2- Qu’est-ce que l’évènement a déclenché chez vous? Quelles sont les émotions ressenties?  

Après avoir réalisé que Lépine avait tué des femmes à l’avenir prometteur du seul fait qu’elles étaient des femmes, la colère a emboîté le pas dans mon cœur et mon esprit. Je pense que c’est à ce moment-là que j’ai vraiment réalisé que j’étais une féministe.

3- Quel est l’impact qu’un tel évènement a-t-il eu sur votre choix de carrière ou comment cela a-t-il influencé votre vie en général?  

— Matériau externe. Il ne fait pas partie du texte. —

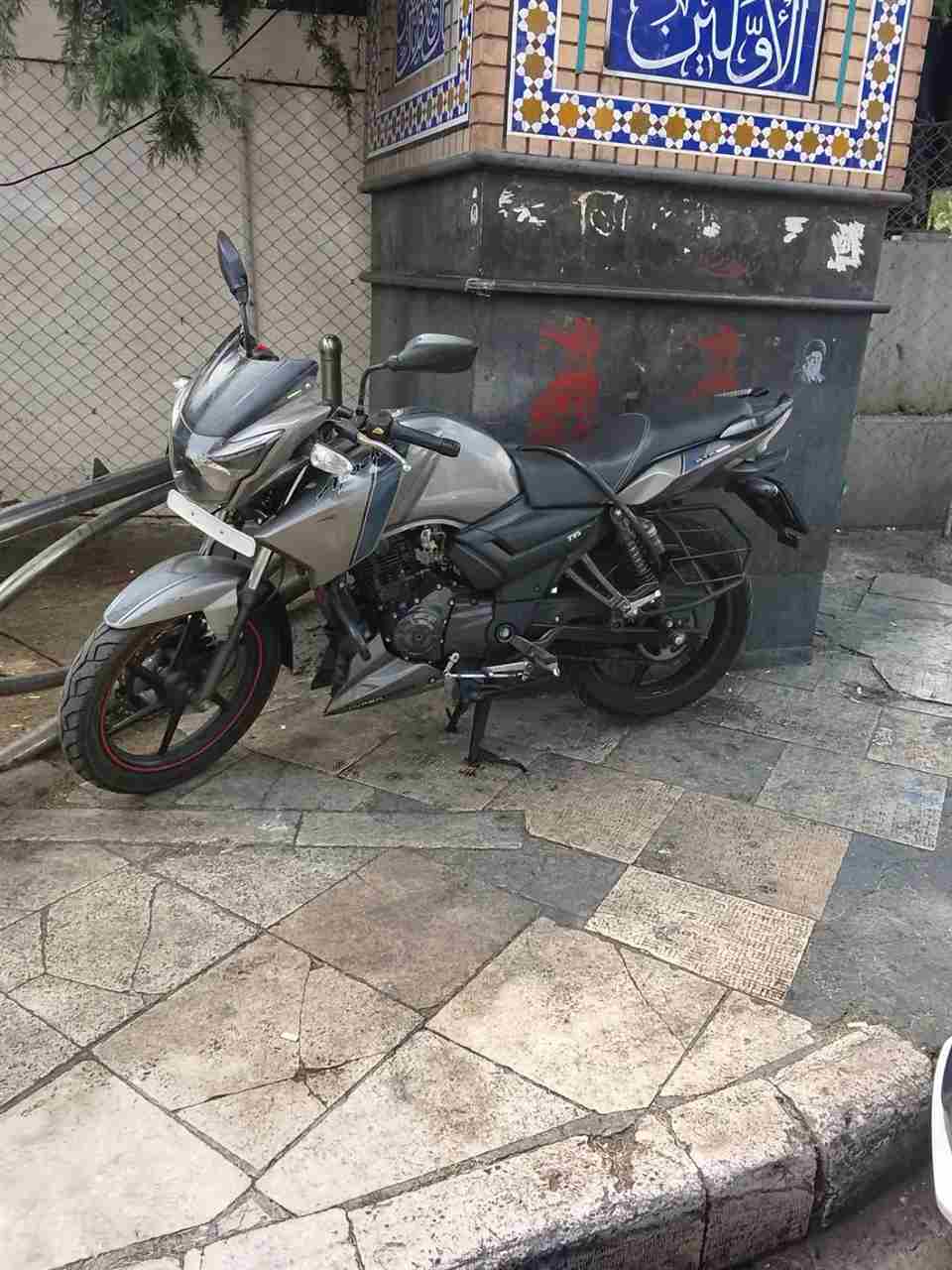 آپاچی 150 1394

À l’époque  j’étais journaliste à l’Écho du Nord et une fervente militante d’Amnistie internationale depuis nombre d’années. J’avais dorénavant un parti pris pour les femmes d’ici et d’ailleurs dans le monde. Avec le groupe d’Amnistie internationale St-Jérôme/Laurentides nous avons inauguré en 2008 la Place de la paix de St-Jérôme. Depuis, à chaque année on y plante ou baptise un arbre qui porte un nom de femme dont les droits fondamentaux ont été bafoués et qui a été victime de l’intolérance et de la barbarie des hommes.

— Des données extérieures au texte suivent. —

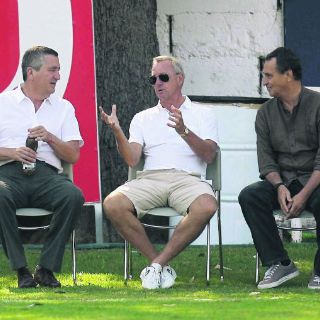 Pide Decio no perder la paciencia como Jorge Vergara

4- En lien avec l’évènement, comment votre vision de l’éducation des enfants a-t-elle été influencée?  

J’ai élevé mon fils dans le respect des autres et surtout des femmes. Par le biais d’Amnistie internationale et de mon implication sociale il sait que l’on doit se porter à la défense de celles dont les droits fondamentaux sont bafoués de ces femmes victimes de graves violations des droits humains, des conflits armés, de la violence conjugale et autres. C’est un homme féministe qui n’hésite pas à souligner par exemple, le 8 mars, Journée internationale des droits des femmes autour de lui et s’oppose à toutes les discriminations et le 6 décembre il a une pensée pour les femmes de Polytechnique.

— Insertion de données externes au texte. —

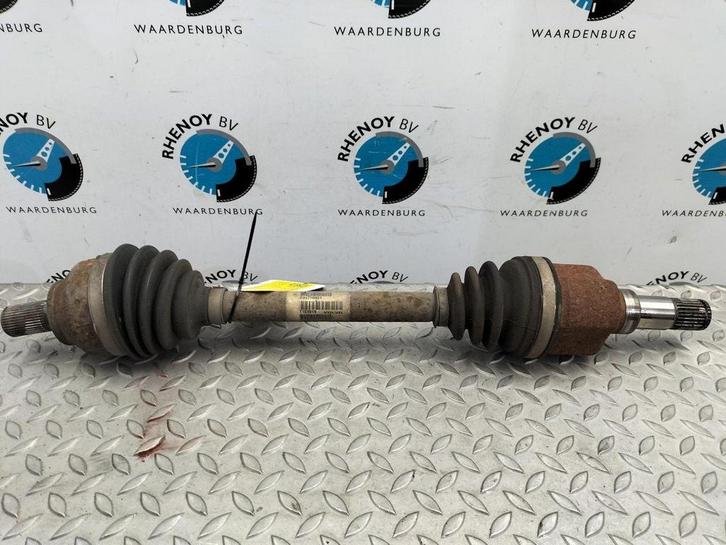 VOLVO V50 2.0 Sport  AANDRIJFAS R 2011, Auto-onderdelen, Besturing, Gebruikt, ARN erkend, Stiba lid, Erkend duurzaam, Ophalen of Verzenden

5- 30 ans plus tard, quelle est votre perception de la place de la femme dans la société actuelle?  

Plusieurs avancées intéressantes nourrissent mon espoir même s’il reste encore beaucoup de marches à gravir pour en arriver au respect des femmes dans nos sociétés et la valorisation de leur rôle dans l’avancement des mentalités et des valeurs dans un monde égalitaire pour tous et toutes. Au Québec et au Canada, il faudrait reconnaître tout le mal qui a été fait aux communautés autochtones et notamment aux femmes et filles disparues ou assassinées et le réparer. Il serait important aussi de prioriser le travail des organismes communautaires qui travaillent auprès de femmes victimes de violence, handicapées, autochtones, immigrantes et aînées.

6- Avez-vous été témoin d’une évolution dans la société ou chez l’ouverture d’esprit des hommes? Si oui, la décrire.  

Oui bien sûr et c’est primordial d’impliquer de plus en plus les hommes dans le processus de respect et de défense des femmes. De plus en plus d’hommes s’affichent comme féministes et s’impliquent activement dans l’éducation des enfants, le partage des tâches et votent des lois favorisant entre autres  le congé parental des pères. Plusieurs organismes communautaires et autres ont vu le jour pour aider les hommes violents à exprimer le mal être qui les poussent à la violence et même à réparer le tort qu’ils ont fait aux femmes.

7- Comment s’exprime le féminisme d’aujourd’hui à vos yeux? Quelle est sa place?  

Il y a beaucoup de rattrapage à faire et je pense sincèrement qu’il se fera en impliquant davantage les hommes.

8- Quelle est votre perception des nouvelles expressions du féminisme à travers les mouvements sociaux récents ou actuels (exemple: les mouvements #MeToo et #MoiAussi)? 

Elles sont très justes et mettent l’accent sur un fléau de tous les temps; les violences sexuelles. Ces mouvements ont donné la voix aux femmes, de la détermination aussi pour dénoncer l’inacceptable.

9- Avez-vous vécu des réticences ou des traitements différents au cours de votre parcours professionnel parce que vous êtes une femme?  

À au moins une reprise lorsque l’un des patrons m’avait demandé si ça me dérangerait qu’il embauche une autre femme journaliste. Il ne m’aurait sûrement pas demandé la permission d’embaucher un journaliste mâle.

10- Dans un monde idéal, quelle serait votre souhait de société pour les générations futures?

De vivre dans une société où les droits de chacun et chacune soient respectés et où la diversité culturelle vienne l’enrichir et non la diviser.